■ **What is being asked**: The listing below is to be duplicated exactly, with every picture omitted.
•••
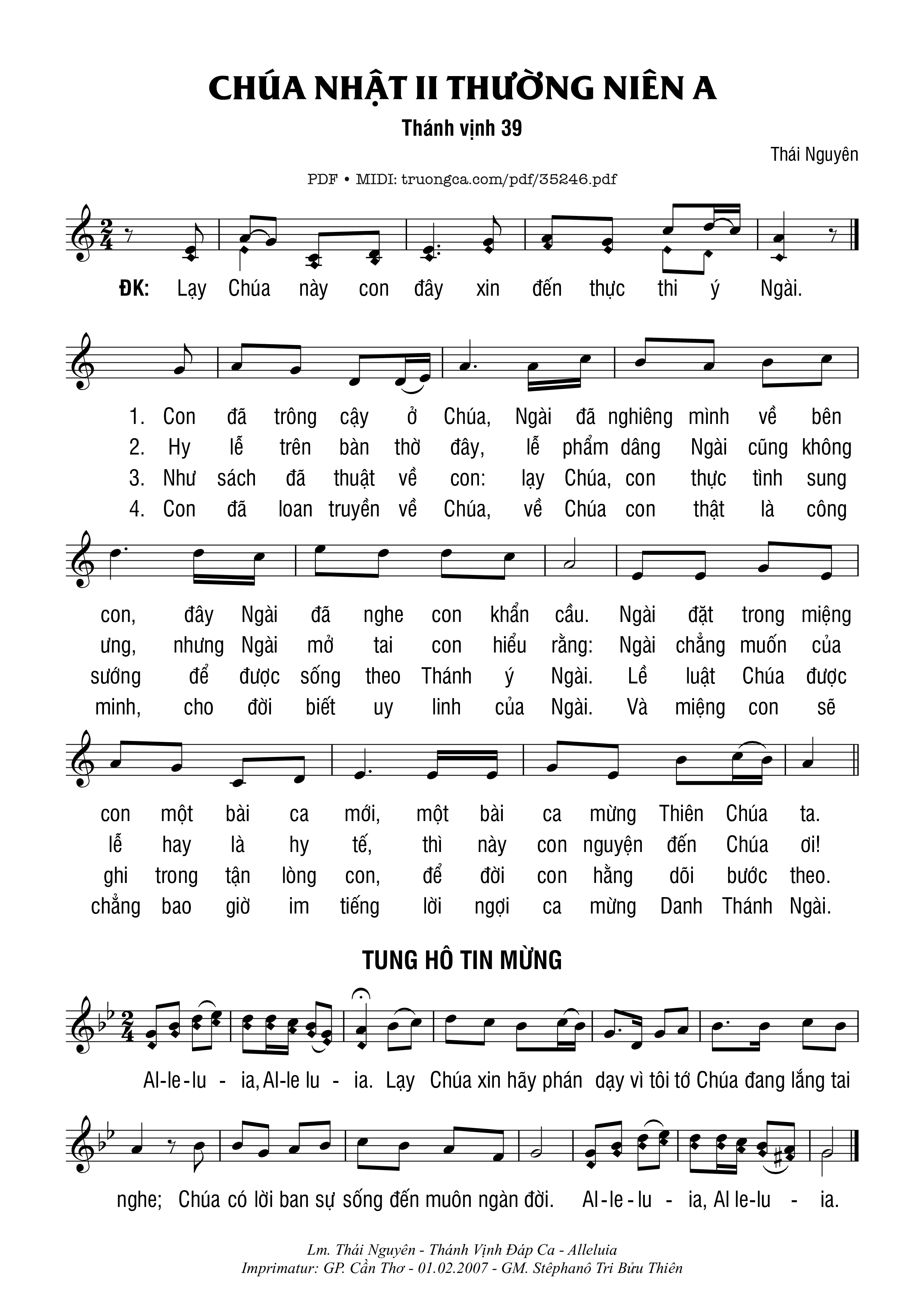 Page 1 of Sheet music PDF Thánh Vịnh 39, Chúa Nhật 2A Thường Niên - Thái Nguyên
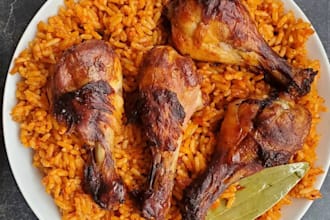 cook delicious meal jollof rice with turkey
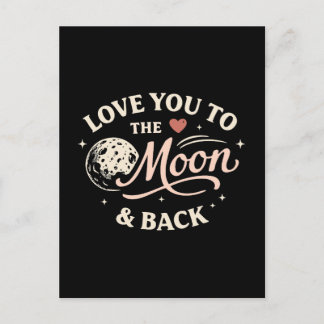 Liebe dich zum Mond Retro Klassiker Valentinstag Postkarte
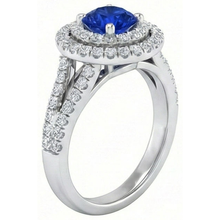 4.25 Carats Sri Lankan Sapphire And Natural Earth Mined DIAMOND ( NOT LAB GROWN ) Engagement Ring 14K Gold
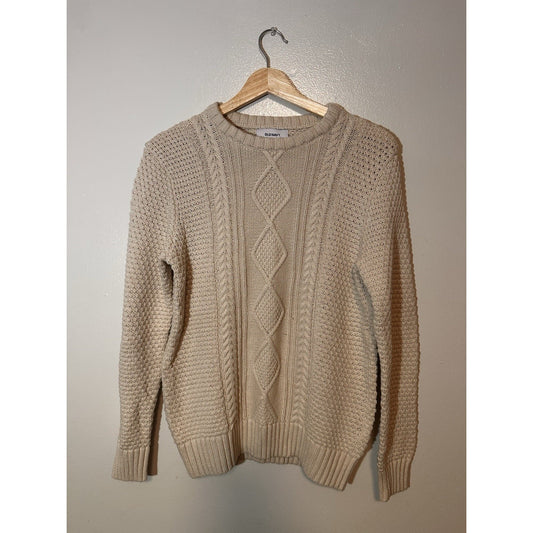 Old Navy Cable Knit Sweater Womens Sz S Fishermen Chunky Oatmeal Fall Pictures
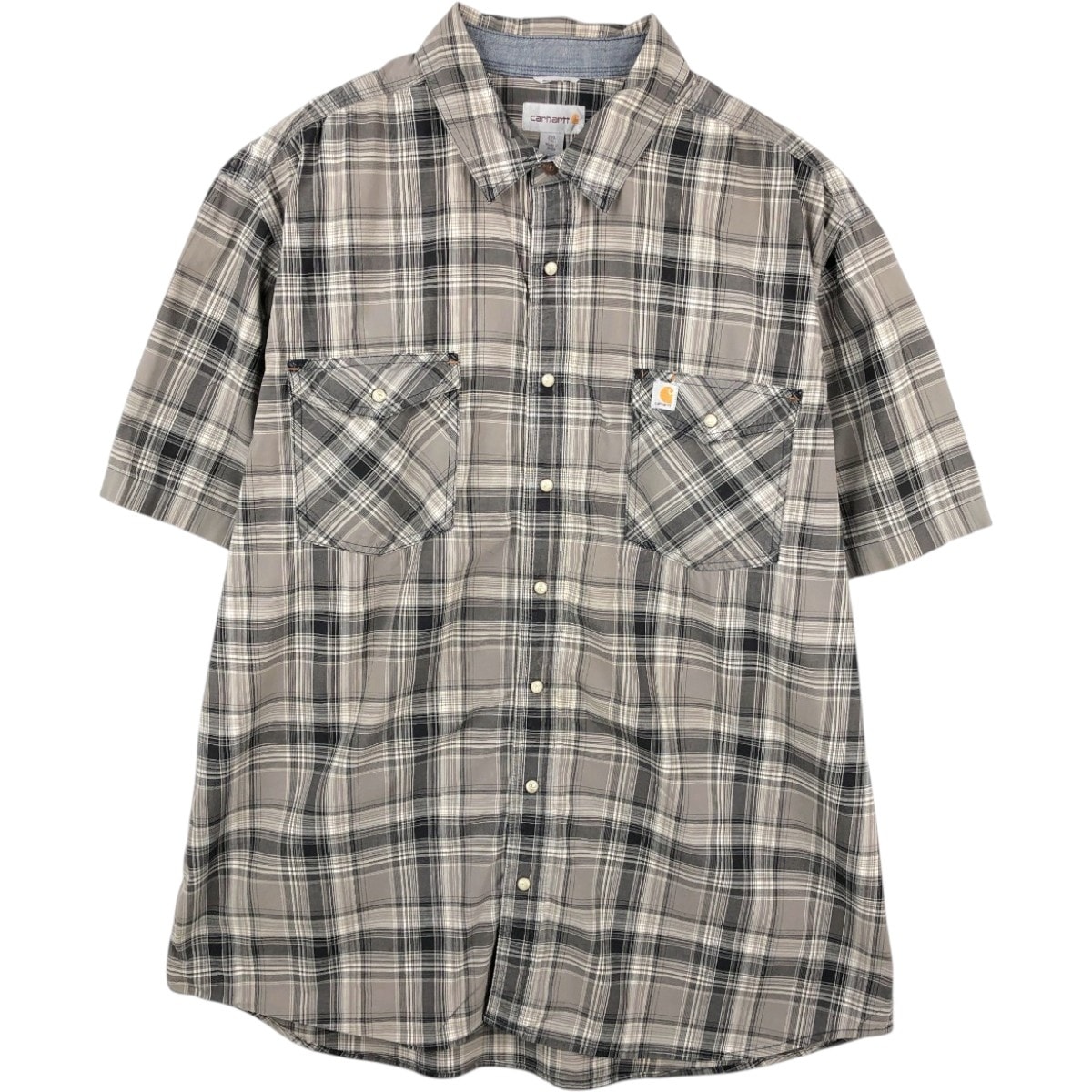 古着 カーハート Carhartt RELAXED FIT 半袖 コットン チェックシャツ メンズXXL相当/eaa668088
•••
■ **Output of the task**:
 Page 1 of Sheet music PDF Thánh Vịnh 39, Chúa Nhật 2A Thường Niên - Thái Nguyên
 cook delicious meal jollof rice with turkey
 Liebe dich zum Mond Retro Klassiker Valentinstag Postkarte
 4.25 Carats Sri Lankan Sapphire And Natural Earth Mined DIAMOND ( NOT LAB GROWN ) Engagement Ring 14K Gold
 Old Navy Cable Knit Sweater Womens Sz S Fishermen Chunky Oatmeal Fall Pictures
 古着 カーハート Carhartt RELAXED FIT 半袖 コットン チェックシャツ メンズXXL相当/eaa668088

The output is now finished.